[Opening Supplied data section]

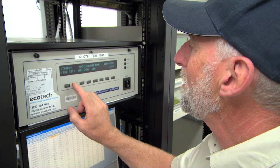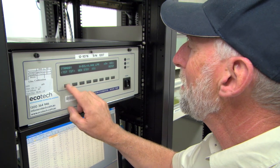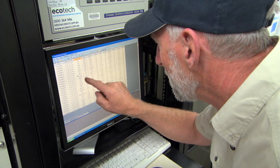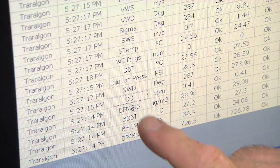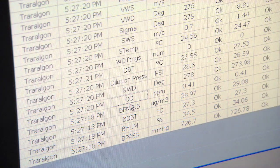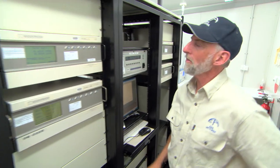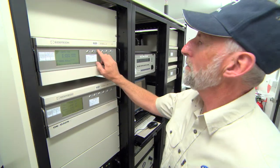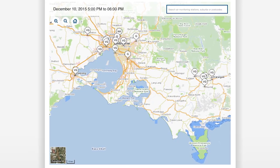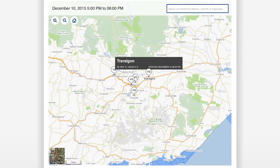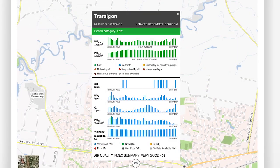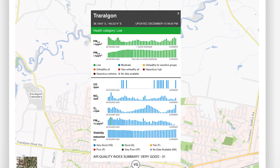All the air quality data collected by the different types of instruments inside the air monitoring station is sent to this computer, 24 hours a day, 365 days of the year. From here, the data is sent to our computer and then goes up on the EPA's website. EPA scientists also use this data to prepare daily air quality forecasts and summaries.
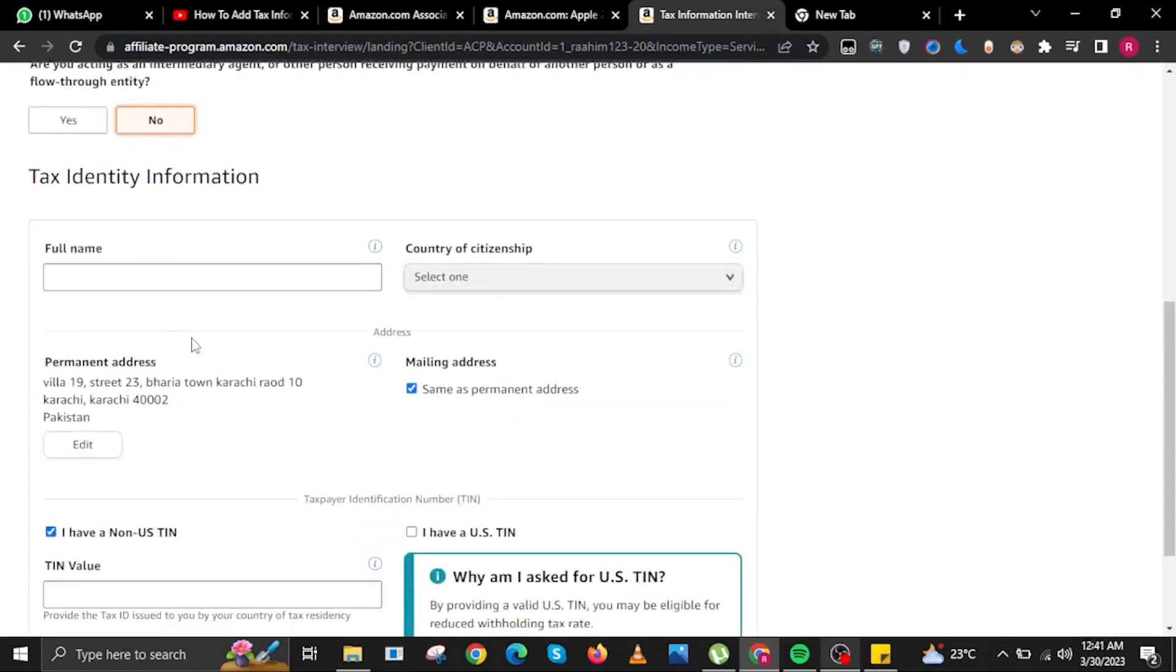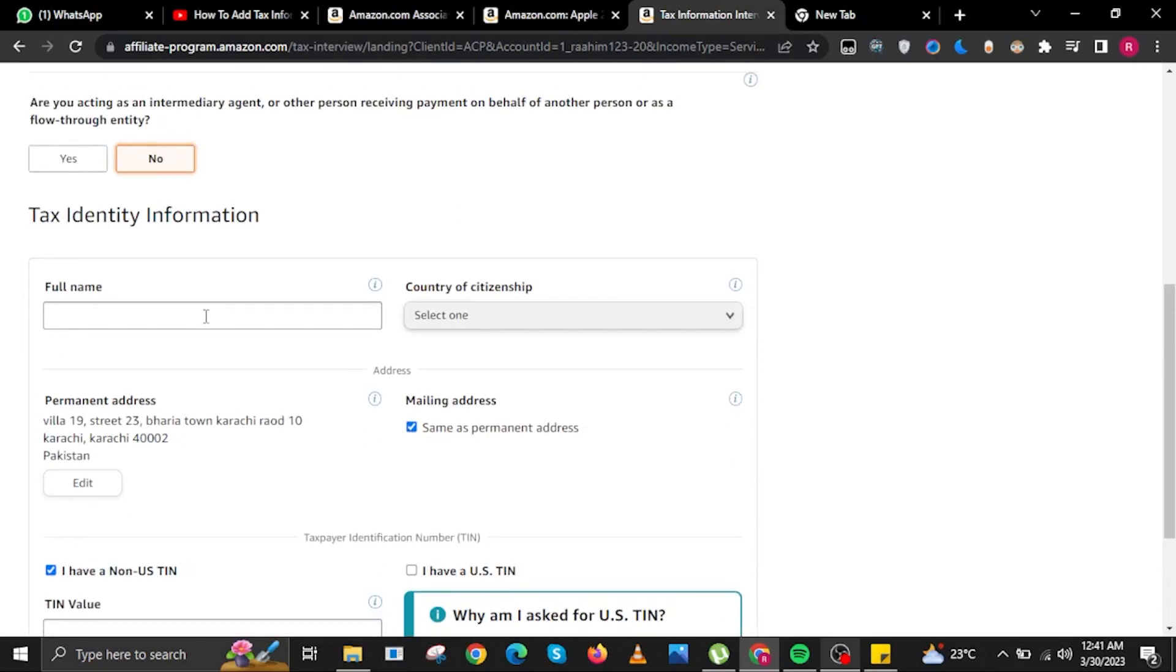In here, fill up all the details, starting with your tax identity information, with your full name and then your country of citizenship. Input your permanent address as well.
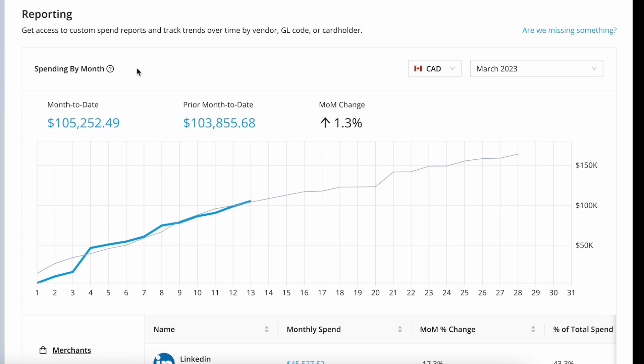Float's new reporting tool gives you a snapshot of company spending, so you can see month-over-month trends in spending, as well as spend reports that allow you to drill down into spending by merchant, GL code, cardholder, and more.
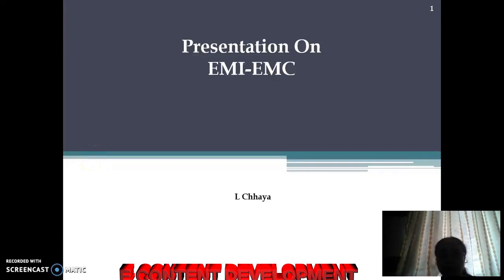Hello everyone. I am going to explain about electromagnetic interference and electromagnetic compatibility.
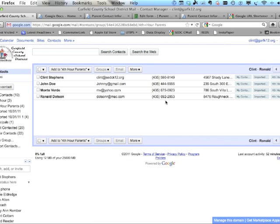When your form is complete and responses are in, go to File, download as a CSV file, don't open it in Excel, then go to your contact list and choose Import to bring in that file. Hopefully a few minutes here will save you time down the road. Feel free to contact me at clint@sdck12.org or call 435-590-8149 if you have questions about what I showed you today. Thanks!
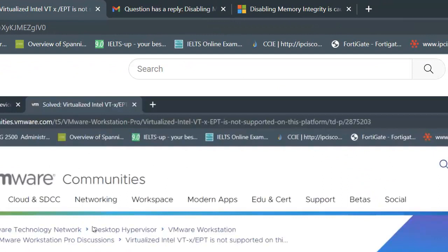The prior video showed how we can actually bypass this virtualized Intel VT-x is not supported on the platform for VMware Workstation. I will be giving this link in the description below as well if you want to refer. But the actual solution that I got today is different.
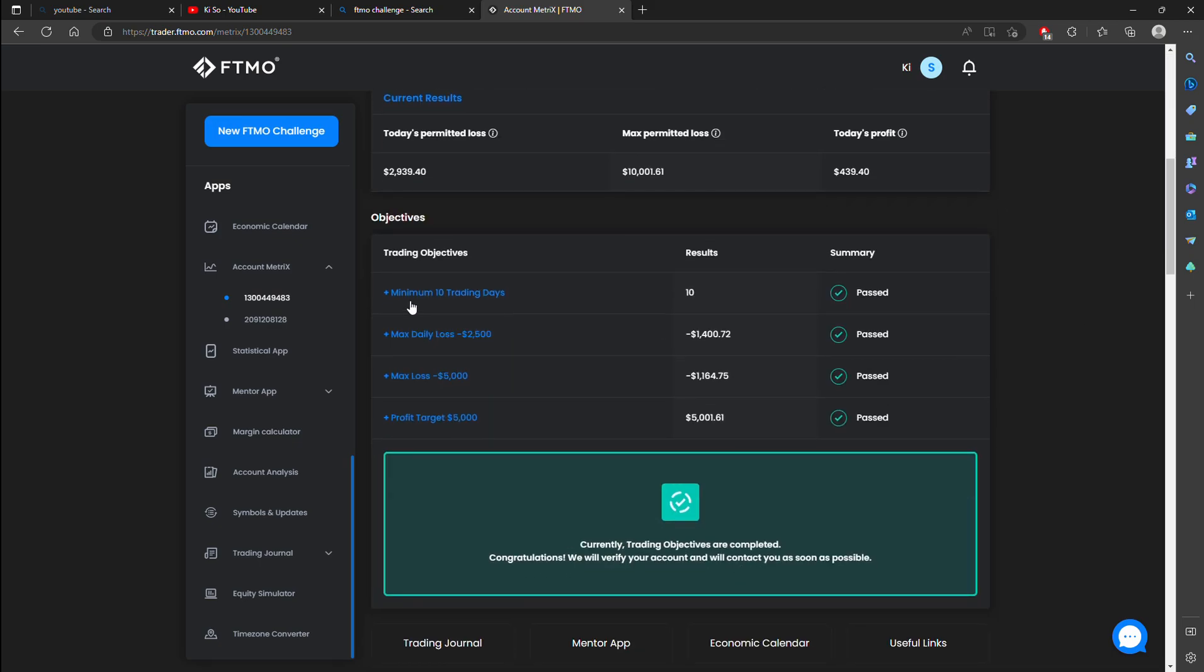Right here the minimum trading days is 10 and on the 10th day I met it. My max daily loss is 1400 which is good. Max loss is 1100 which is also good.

[Closing Supplied data section]

Task requirements:
Where pictures appear in the records, leave them out; output everything else exactly.

Exercise answer:
All the air quality data collected by the different types of instruments inside the air monitoring station is sent to this computer, 24 hours a day, 365 days of the year. From here, the data is sent to our computer and then goes up on the EPA's website. EPA scientists also use this data to prepare daily air quality forecasts and summaries.
In here, fill up all the details, starting with your tax identity information, with your full name and then your country of citizenship. Input your permanent address as well.
Float's new reporting tool gives you a snapshot of company spending, so you can see month-over-month trends in spending, as well as spend reports that allow you to drill down into spending by merchant, GL code, cardholder, and more.
Hello everyone. I am going to explain about electromagnetic interference and electromagnetic compatibility.
When your form is complete and responses are in, go to File, download as a CSV file, don't open it in Excel, then go to your contact list and choose Import to bring in that file. Hopefully a few minutes here will save you time down the road. Feel free to contact me at clint@sdck12.org or call 435-590-8149 if you have questions about what I showed you today. Thanks!
The prior video showed how we can actually bypass this virtualized Intel VT-x is not supported on the platform for VMware Workstation. I will be giving this link in the description below as well if you want to refer. But the actual solution that I got today is different.
Right here the minimum trading days is 10 and on the 10th day I met it. My max daily loss is 1400 which is good. Max loss is 1100 which is also good.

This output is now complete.